Weapons... Oh man. If you've been suffering with CounterStrike Source or Battlefield games, you're in for a rude awakening. Weapons on COD4 hit where you aim. Even the traditional spray and pray light machine guns are capable of decent accuracy if you stick to short bursts. And it rarely takes more than a quick burst to take someone down. If you're capable of aiming straight, you're going to love this game.

There is a comprehensive array of reasons to keep playing this game beyond the mere gut-level fun of ploughing bullets into some dopey guy in another city. There's the ranking level, where your cumulative scores go towards your progression. That's the mere tip of the iceberg.
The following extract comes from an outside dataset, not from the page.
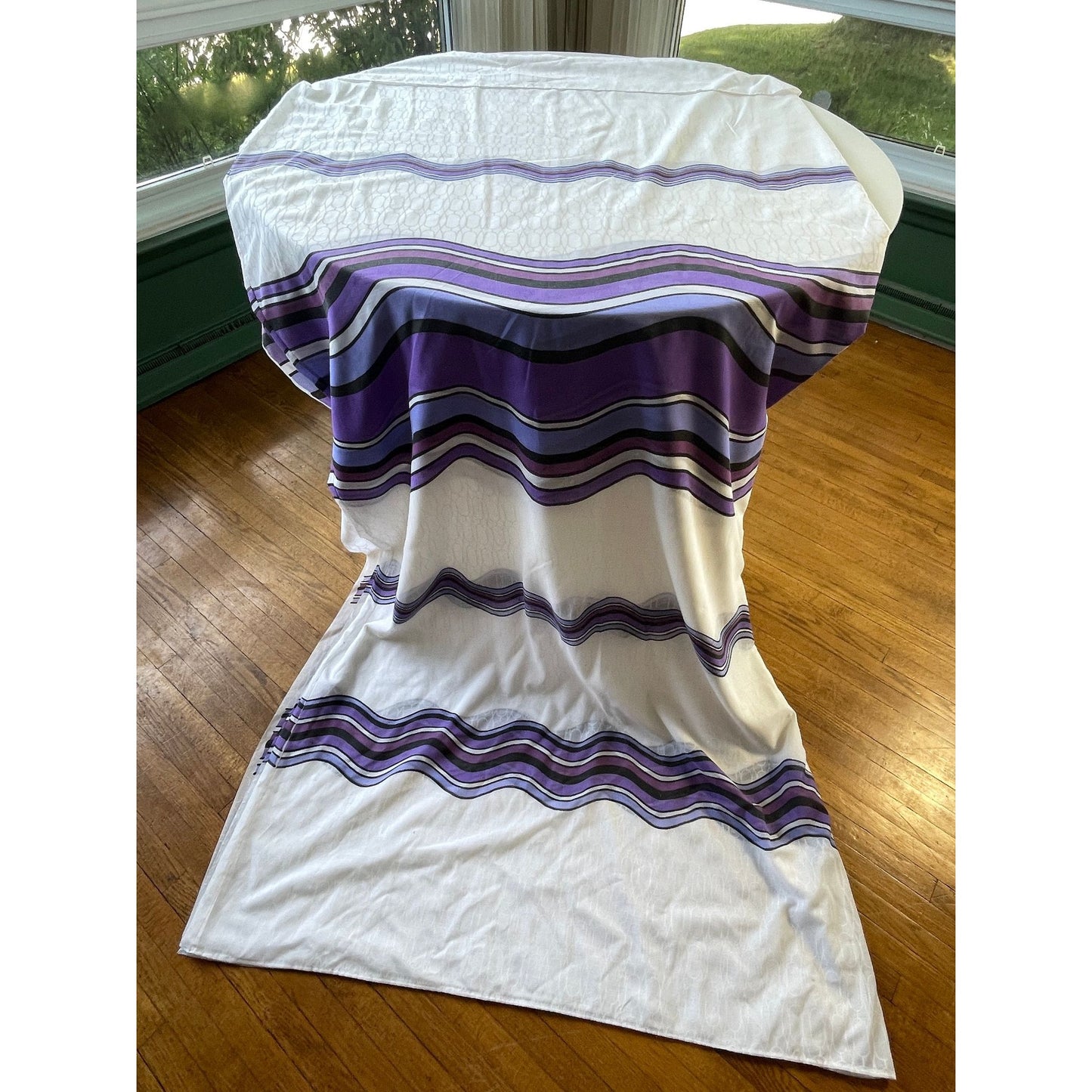 Vintage 70s oversized curtain, purple, lavender, white groovy pattern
Unlocking weapons here - as well as custom sights, firing rates and other extras is determined by kill count and type of kills. Take Battlefield, substitute powerups for badges and ribbons and you get the picture.

Well, half the picture. The other half is how you can custom create classes to suit your needs. Throw in all the kitted out gear you like, and stack out the Perks you have unlocked. What are Perks? Well, they're just one of the hot edges that COD4 brings to the table. Want to have less recoil as you fire on the run? Unlock the steady aim and go nuts. Want more health, longer sprint time, bullets that penetrate harder or any other number of upgrades? Perks are where it is at. Once again - it's all tied to progression.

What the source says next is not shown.